_WHAT TO PRODUCE_
Word for word, copy out the entries below, but not the pictures in them.
::::::::
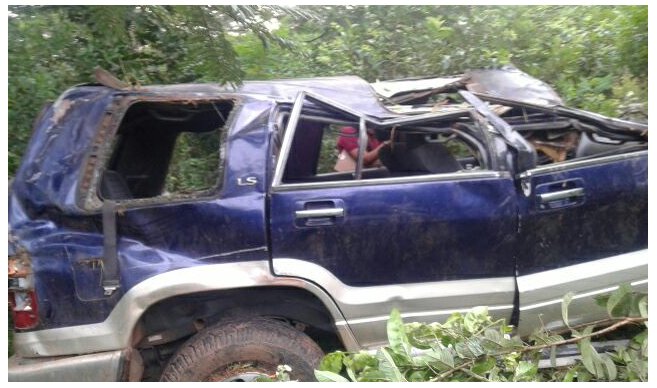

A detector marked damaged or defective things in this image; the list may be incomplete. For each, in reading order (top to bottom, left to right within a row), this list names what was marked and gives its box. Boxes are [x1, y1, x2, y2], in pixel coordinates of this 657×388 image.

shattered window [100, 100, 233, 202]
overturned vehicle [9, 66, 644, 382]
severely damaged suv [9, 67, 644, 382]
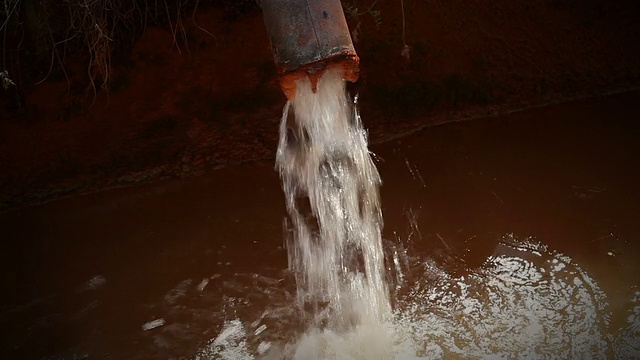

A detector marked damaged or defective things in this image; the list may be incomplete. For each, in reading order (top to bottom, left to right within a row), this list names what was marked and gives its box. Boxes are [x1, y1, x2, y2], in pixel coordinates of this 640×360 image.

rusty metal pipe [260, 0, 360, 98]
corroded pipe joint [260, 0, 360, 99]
::::::::
_ANSWER FOR THE TASK_
A detector marked damaged or defective things in this image; the list may be incomplete. For each, in reading order (top to bottom, left to right within a row), this list names what was marked and gives its box. Boxes are [x1, y1, x2, y2], in pixel coordinates of this 657×388 image.

shattered window [100, 100, 233, 202]
overturned vehicle [9, 66, 644, 382]
severely damaged suv [9, 67, 644, 382]

A detector marked damaged or defective things in this image; the list may be incomplete. For each, in reading order (top to bottom, left to right within a row), this list names what was marked and gives its box. Boxes are [x1, y1, x2, y2], in pixel coordinates of this 640×360 image.

rusty metal pipe [260, 0, 360, 98]
corroded pipe joint [260, 0, 360, 99]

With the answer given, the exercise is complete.